Attics are often well insulated, but there is one space that can be overlooked: below attic platforms. Usually platforms are used for walkways, storage, or to hold HVAC equipment. The platforms are typically created by laying plywood sheets on braced 2x6 framing running perpendicular to attic floor framing/ceiling joists. Insulation needs to be added prior to attaching the plywood sheets and completing the platform (Neuhauser 2012). Making sure the space below is adequately insulated, without compression, is critical to avoiding thermal bridging and the associated energy and financial costs.

There are three keys to correctly adding insulation below attic platforms:

  1. Increase the height of the storage or HVAC platform in the attic to allow for proper depth of the insulation beneath the platform without compressing the insulation.
  2. Install insulation without misalignments, compressions, gaps, or voids underneath all attic platforms.
  3. Install insulation so that it is in contact with the air barrier (e.g., drywall ceiling).

The amount of insulation needed will depend on the climate zone. In climate zones 1 to 5, the insulation must be greater than or equal to R-21. In zones 6 to 8, the insulation must be greater than or equal to R-30. Be sure to check local codes for current requirements.

A Note about Air Sealing: Insulating a home is important, but it will not be very effective if the home is not air sealed. The same is true for the space below the attic platform. Be sure the space is properly sealed before installing the insulation. This includes ceiling drywall intersections with interior walls. Ceiling drywall acts as an air barrier, but must be taped and mudded or caulked to be effective (PNNL 2010). 

Increase the Height of the Platform

To ensure adequate space for the insulation below the attic platform, the platform must be raised. This helps prevent the insulation from being compressed, which limits its effectiveness.

  1. Determine the necessary height to avoid compressing the insulation. The actual height will depend on the type of insulation used and the R-value needed.
  2. Raise the height of the joists by adding 2x4s, 2x6s, or other materials to the top edge of the joists as needed to accommodate the required space.

Install the Insulation

The type of insulation used may vary. Be sure to check with the manufacturer’s specifications as to density, etc., to make sure the installation will reach the minimum R value for the climate zone.

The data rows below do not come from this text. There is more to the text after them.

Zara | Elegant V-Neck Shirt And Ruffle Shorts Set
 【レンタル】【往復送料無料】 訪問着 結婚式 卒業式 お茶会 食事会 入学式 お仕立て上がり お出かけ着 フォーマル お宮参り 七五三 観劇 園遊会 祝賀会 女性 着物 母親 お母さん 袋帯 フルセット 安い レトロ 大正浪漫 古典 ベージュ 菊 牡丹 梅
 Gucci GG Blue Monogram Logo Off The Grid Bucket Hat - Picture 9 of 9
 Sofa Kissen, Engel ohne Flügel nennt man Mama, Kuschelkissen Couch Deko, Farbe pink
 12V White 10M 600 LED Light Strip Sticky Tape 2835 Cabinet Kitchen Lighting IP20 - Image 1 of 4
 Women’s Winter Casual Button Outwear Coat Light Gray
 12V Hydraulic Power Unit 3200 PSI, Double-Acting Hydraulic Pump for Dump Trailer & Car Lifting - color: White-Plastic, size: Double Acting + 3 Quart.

  1. Lay out, blow in, or otherwise install the insulation per the manufacturer’s requirements.
  2. When applicable, check the depth of insulation to make sure the correct R-value is reached.
  3. Inspect the insulation and the space to make sure there are no misalignments, compressions, gaps, or voids.
Measure the Depth of Insulation
Figure 1 - Measure the Depth of Insulation. It is important to compare the manufacturer’s instructions to the actual depth installed to make sure the installed insulation meets the necessary depth required to achieve the R-value required for the climate.  

Install Insulation to Be Fully Aligned with the Air Barrier

Making sure the insulation is in contact with the air barrier between the attic and the living space below will help to further eliminate any chance of thermal bridging. Typically, the air barrier is the drywall of the ceiling of the space below.

  1. Lay out, blow in, or otherwise install the insulation so that it is in contact with the air barrier.

  2. Inspect the insulation, visually or otherwise, to make sure continuous contact with the air barrier is made.

Ensuring Success

There are two keys to ensuring the success of insulating below attic platforms. First, make sure to allow enough space for the insulation so that the platform does not compress it, reducing its effectiveness. Second, make sure the insulation is in full contact with the air barrier below. Typically this is the drywall ceiling of the space below the attic. Any gaps in contact could still allow thermal bridging, defeating the purpose of insulating the space.

Climate

ENERGY STAR Certified Homes, Version 3/3.1 (Rev. 09)

Rater Field Checklist

Thermal Enclosure System. 
3. Reduced Thermal Bridging. 
3.3 Insulation beneath attic platforms (e.g., HVAC platforms, walkways) ≥ R-21 in CZ 1-5; ≥ R-30 in CZ 6-8.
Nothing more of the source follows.